A mommy group attempts to get to the bottom of a baby’s disappearance in Molloy’s debut.
“Bad things happen in heat like this.” The May Mothers is a group of Brooklyn women whose children share May birthdates and who enjoy bonding over the trials and tribulations of new motherhood. There’s gorgeous and brash Brit Nell Mackey, ghostwriter Colette Yates, sweet-natured Southerner Francie Givens, and Token, which is the nickname they’ve given the sole stay-at-home dad in the group, whom they assume is gay. Then there’s single mom Winnie Ross, an otherworldly beauty who sets herself apart but seems devoted to her little boy, Midas. When Nell suggests a moms’ night out without the babies, Winnie is reluctant to go, but Nell won’t take no for an answer, even offering to provide a babysitter.
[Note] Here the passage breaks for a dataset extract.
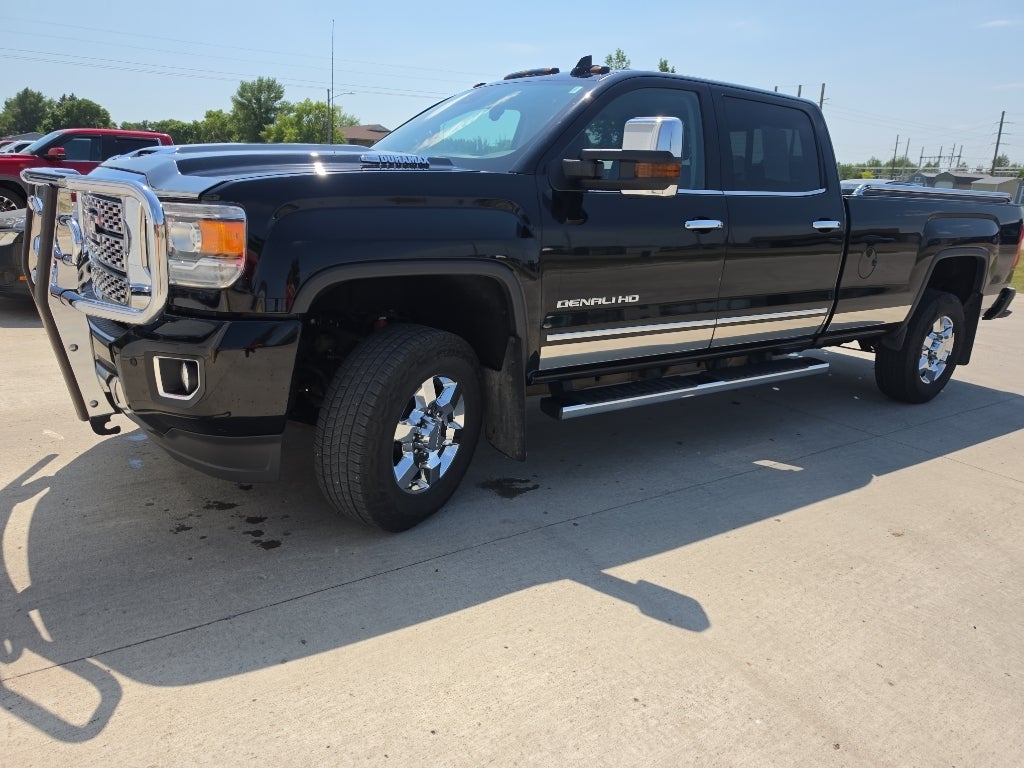 2018 GMC Sierra 3500 HD Denali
They drink the night away at a local bar, and before they leave, Nell receives a phone call from the babysitter with the news that Midas is missing, taken from his crib while she slept. Against the sweltering Brooklyn summer, the ladies, horrified at the mounting sensationalism of the case, use their various skills to dig into Winnie’s secretive past, hoping to bring little Midas home. The narrative rotates among the moms, offering insight into their varied lives, and readers will think they’ve got this one figured out, but the surprises, and revelations, come fast and often. A bonus: Emails sent to the May Mothers by a website called The Village—where they all registered—precede each chapter, doling out smug, one-size-fits-all advice on babies' milestones.
Molloy, a master of clever misdirection, deftly explores the expectations, insecurities, and endless judgement that accompany motherhood in this fast-paced thriller featuring a bevy of strong, smart, and realistically flawed women who, refreshingly, have each other's backs when it counts the most. Mesmerizing.